25 februari 2026
Since 2010, Hungary has seen large-scale interventions in museums, memorial sites and public commemorations, reshaping the national narrative. For instance, the area around the Hungarian parliament in Budapest was redesigned to align with a conservative-nationalist interpretation of history. Another example is the controversial Memorial for Victims of the German Occupation, erected (but never officially unveiled) in 2014 on Liberty Square. The monument suggests that Hungary was solely a victim of Nazi Germany, thereby pushing Hungary’s shared responsibility for the persecution of Jews into the background.
‘The interventions in the cultural landscape fit into a broader shift from a complex and multi-voiced historical narrative towards a univocal, nationalist victimhood narrative,’ Deim explains. ‘Museums also play an important role in this. The House of Terror Museum in Budapest, for example, strongly emphasises Hungary’s position as a victim of communism, within a broader story of twentieth-century oppression. In doing so, the museum supports an ideological framework in which national sovereignty, Christian identity and traditional values are central.’
The Orbán regime does not focus ideologically only on national pride, Christian identity and past victimhood. Deim says: ‘Resistance against perceived foreign interference by the European Union also plays a central role. Orbán wants to show the world that Hungary is not simply following the lead of Western European leaders.’
By systematically restructuring the memory landscape, the regime is working towards what Orbán himself calls a ‘new cultural era’. With growing state control over cultural institutions also limiting the space for alternative perspectives.

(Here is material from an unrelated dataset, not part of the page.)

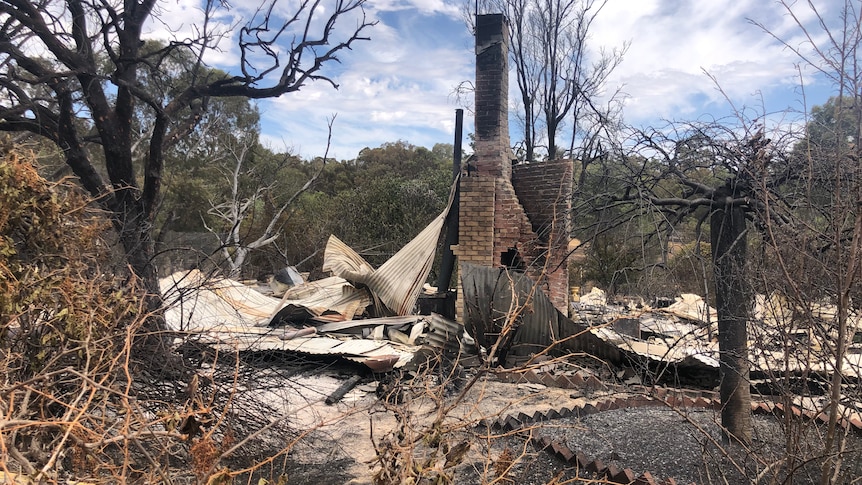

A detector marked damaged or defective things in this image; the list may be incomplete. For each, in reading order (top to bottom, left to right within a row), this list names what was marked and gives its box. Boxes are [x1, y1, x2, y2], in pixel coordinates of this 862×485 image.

rusted corrugated metal [460, 262, 620, 362]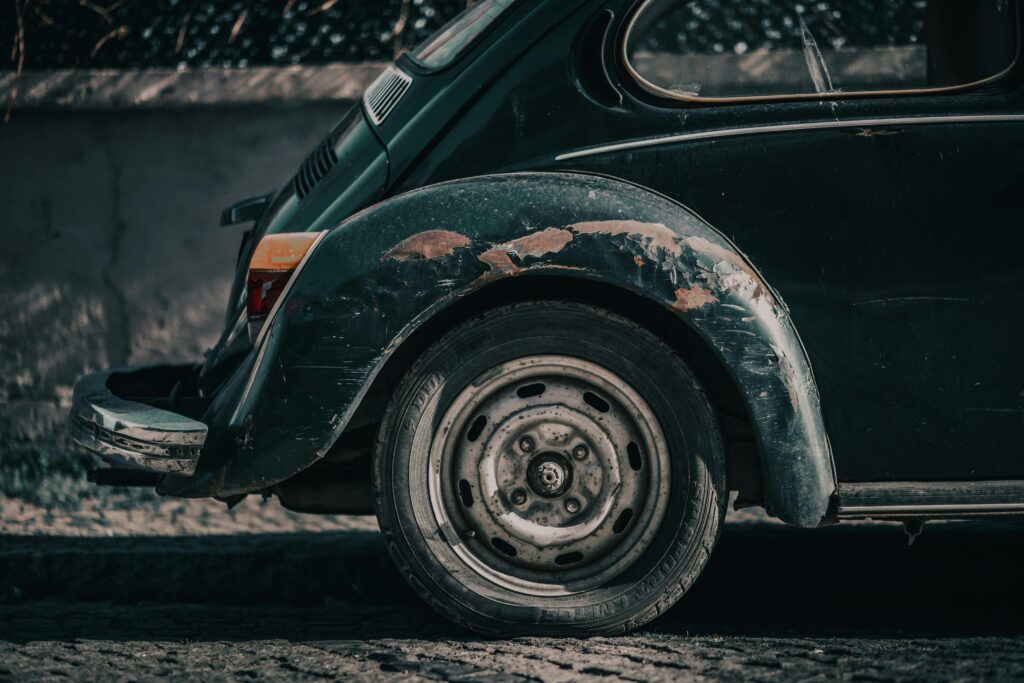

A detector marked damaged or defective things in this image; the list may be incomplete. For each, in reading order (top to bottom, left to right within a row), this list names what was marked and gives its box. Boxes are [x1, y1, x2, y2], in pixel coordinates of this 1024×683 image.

Yet counter-narratives do exist. Around the Memorial for Victims of the German Occupation, the Living Memorial emerged: a citizen-organised site of remembrance featuring personal objects, photographs and stories of Holocaust victims. The removal of the statue of Imre Nagy, the reform-minded prime minister during the 1956 Hungarian Uprising, also sparked artistic protest actions. According to Deim, these forms of activism show that remembrance culture is not fixed, but a dynamic process in which different groups struggle over meaning. Memory activism continues, but is becoming increasingly powerless, partly due to severe cutbacks in cultural funding.

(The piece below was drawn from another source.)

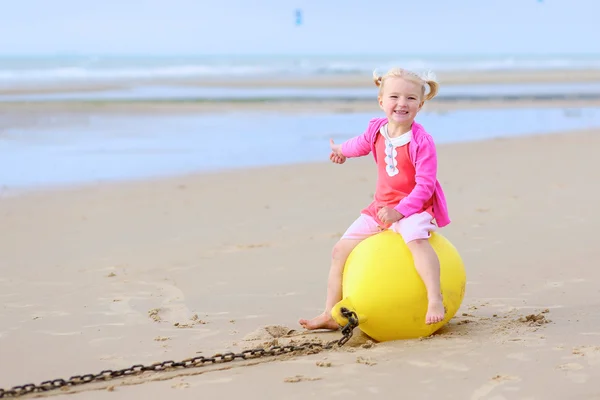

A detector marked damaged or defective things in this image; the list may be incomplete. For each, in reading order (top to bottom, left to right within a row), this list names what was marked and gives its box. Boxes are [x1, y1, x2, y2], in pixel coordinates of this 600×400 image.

Deim’s research is particularly timely as Hungary heads towards national elections. Polls indicate a neck-and-neck race: it is roughly fifty-fifty whether Orbán’s party Fidesz will win again, or whether the opposition party Tisza, led by Péter Magyar, will come to power. ‘If the opposition wins, this will likely mean less direct state control and greater institutional autonomy. That could also lead to a different course in memory policy,’ Deim concludes.